The Council recalled Hansom in the 1870’s to add the Percival Library range with its open-cloister classrooms. This was built in two stages and completed by 1875 – though the Wilson Tower was not added until 1890. So the South Quad was left open to the Close on its southern side, and present Cliftonians can be grateful that shortage of money in the 1860’s had allowed time for second thoughts.
By 1875 Brown’s House and the future Dakyns’ and Oakley’s had been opened; what is now 32 College Road (the school's Office) had been built as accommodation for bachelor masters. Also, three fives courts (1864), the sanatorium (1865), the gymnasium (1867), two swimming baths (1869), an open rackets court (1872) and the present workshop (1873) had all been added.
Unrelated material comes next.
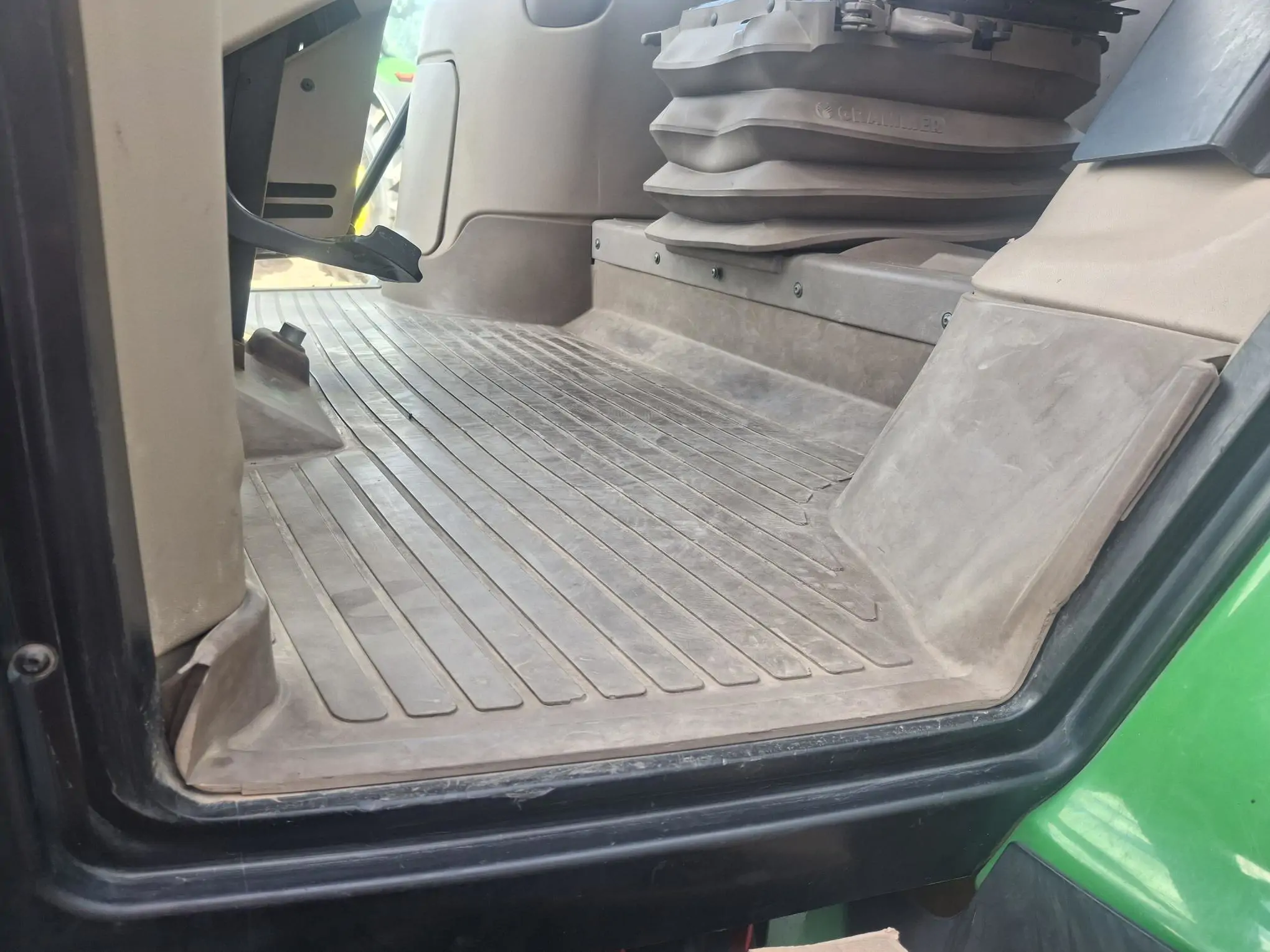 Image JOHN DEERE TRA JOHN DEERE 6140R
But most important of all was the opening of the Chapel in 1867. Built to Charles Hansom’s original design, but moved from its intended site (now occupied by the gymnasium), the Chapel was a narrow aisle-less building, the width of its present west end.
The Chapel was the gift of Mrs Guthrie, widow of Canon Guthrie, the first Chairman of the College Council. The architect was given permission “to quarry sufficient stone from the College grounds for the purposes of the Chapel building”. Mrs Guthrie died before work was completed, but she is remembered each year at Commemoration (first held 1968), when the school gives thanks for the generosity of “John Guthrie and Caroline his wife, founders of this Chapel, for John Percival, first Headmaster, and for all our Governors and benefactors, by whose benefit this whole School is brought up to godliness and good learning.”
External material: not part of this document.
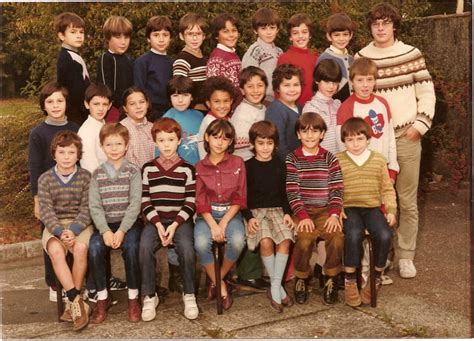 Photo De Classe CM1 De 1983 ECOLE ROGER SALENGRO Copains D Avant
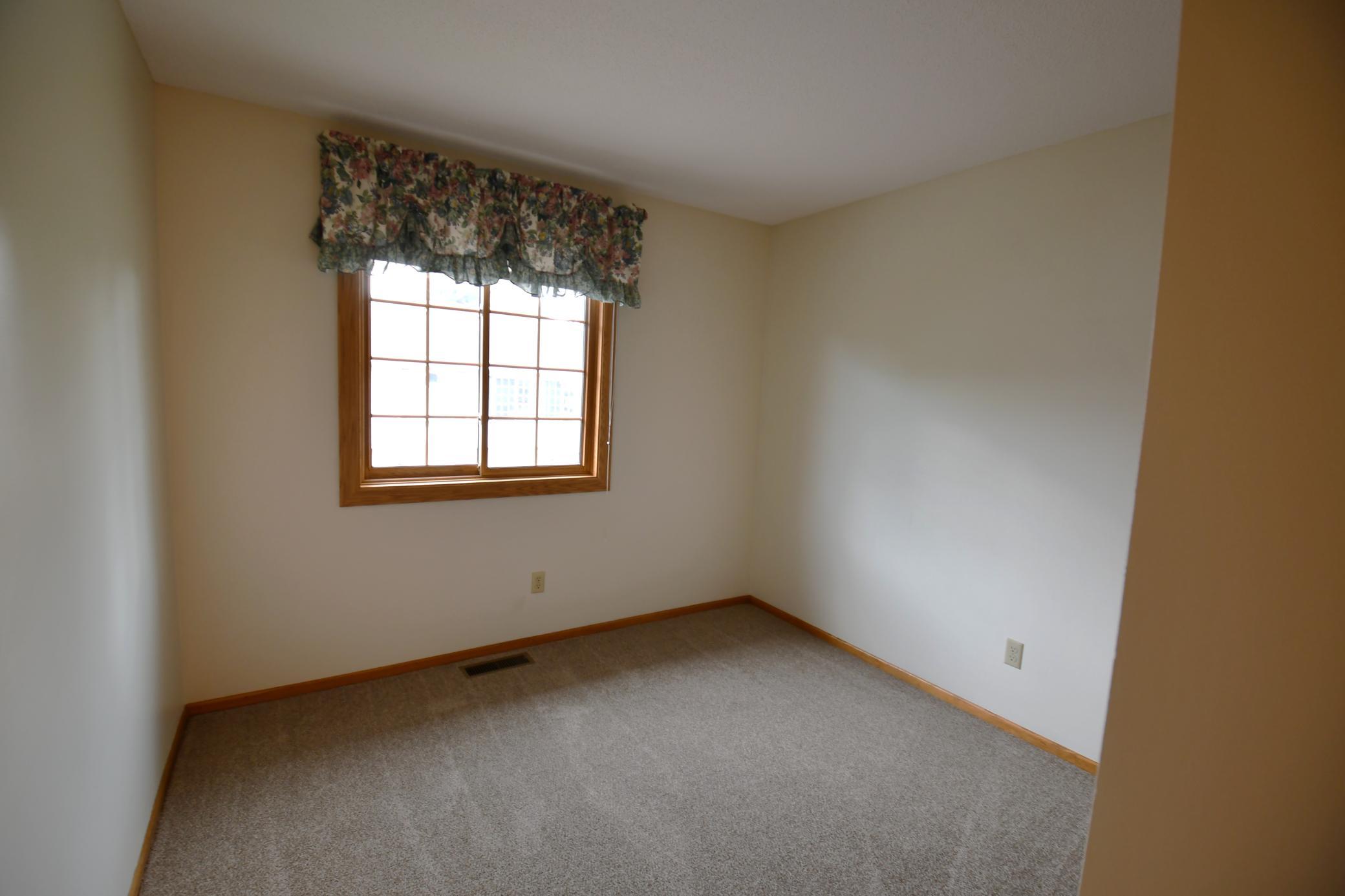 View of Residential at 1929 Bielenberg Drive, Woodbury MN 55125, Woodbury (12 of 17) - Mike Wilen | Minnesota Team Real Estate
The Chapel was licensed by the Bishop of Gloucester and Bristol on Saturday, 15th June, 1867, and the preacher the next day was Frederick Temple, still Headmaster of Rugby, but destined to be Archbishop of Canterbury. He preached on the parable of the sower, and told the boys that they would have grown up differently “if there had been no such building here, no such services, no such regularity of religious observance.”
The College Council was no doubt grateful to Temple, who had recommended Percival to them. John Percival may have been second choice, but never has second-best been a better buy! Before he left Clifton in 1879 to become Master of an Oxford college, the school had risen in numbers from 76 to 600, and had established a national reputation. His success lay in blending the best features of the Arnold tradition, with a liberal radicalism that has distinguished Clifton from other public schools and has stood the test of time.